I wrote that in July when I was watching mockumentaries and productions like "American Movie." Yesterday we went to a Festival of One Acts to see three of the 7 one-act plays written and produced by local talent. It was an enjoyable way to spend an hour on a Sunday afternoon. But my reaction is mixed.

We watch so many extravagantly produced movies by the best actors and movie-makers around, so sometimes it's refreshing to see imperfect productions by emerging or small-time talent.

The critical part of me leaps to judgment. The first play was written in rhyming couplets and acted by a chubby young woman wearing a shorty robe nearly up to her crotch. How could she? The second play had an interesting twisted "pay-off" but it didn't match the "set-up." The third was back to rhyming couplets -- who would write a play to sound like Dr. Seuss? Oh, maybe they started out writing Dr. Seuss for adults and decided to dramatize it on stage. It's so easy to be a critic.

Some people are cynics, some are coaches. Here were people putting themselves out there, taking a risk with mean-spirited critics, exposing their fat thighs and their meager voices to take a chance at acting. And the writers -- they finished their scripts, damn it, and gave them to the world.

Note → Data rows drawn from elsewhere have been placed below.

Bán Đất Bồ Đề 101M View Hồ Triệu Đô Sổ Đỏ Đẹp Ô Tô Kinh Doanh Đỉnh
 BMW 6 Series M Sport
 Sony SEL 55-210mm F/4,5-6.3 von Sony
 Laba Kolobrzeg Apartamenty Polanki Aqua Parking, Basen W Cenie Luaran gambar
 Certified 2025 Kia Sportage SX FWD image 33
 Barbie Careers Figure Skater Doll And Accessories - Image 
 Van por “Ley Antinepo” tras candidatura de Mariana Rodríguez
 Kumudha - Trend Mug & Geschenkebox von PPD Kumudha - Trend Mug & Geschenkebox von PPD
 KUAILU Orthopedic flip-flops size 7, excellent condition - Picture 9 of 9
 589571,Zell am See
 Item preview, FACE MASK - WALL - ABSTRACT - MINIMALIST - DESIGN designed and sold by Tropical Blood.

My problem is that I'm suspicious of pleasure. My questions are relentless: will these people be successful, will anyone ever pay them for their work, will they become professionals? It's not like I haven't done things for pure pleasure, but there is always a part of me that asks, so what is going to be the result of this? Everything must have a purpose, maybe only to serve as an entry in this journal.

I'm not a relaxed person.  

 

NOTES

American Movie Documentary based in Milwaukee (1999). Produced by Chris Smith and Sarah Price. They follow around would-be filmmaker Mark Borchardt -- pushing thirty without much going for him except his passion for making slasher movies and his longing for the American Dream. He kinda knows what he's doing technically but is pretty much a pothead and drinker from a working class family. Still, he persists.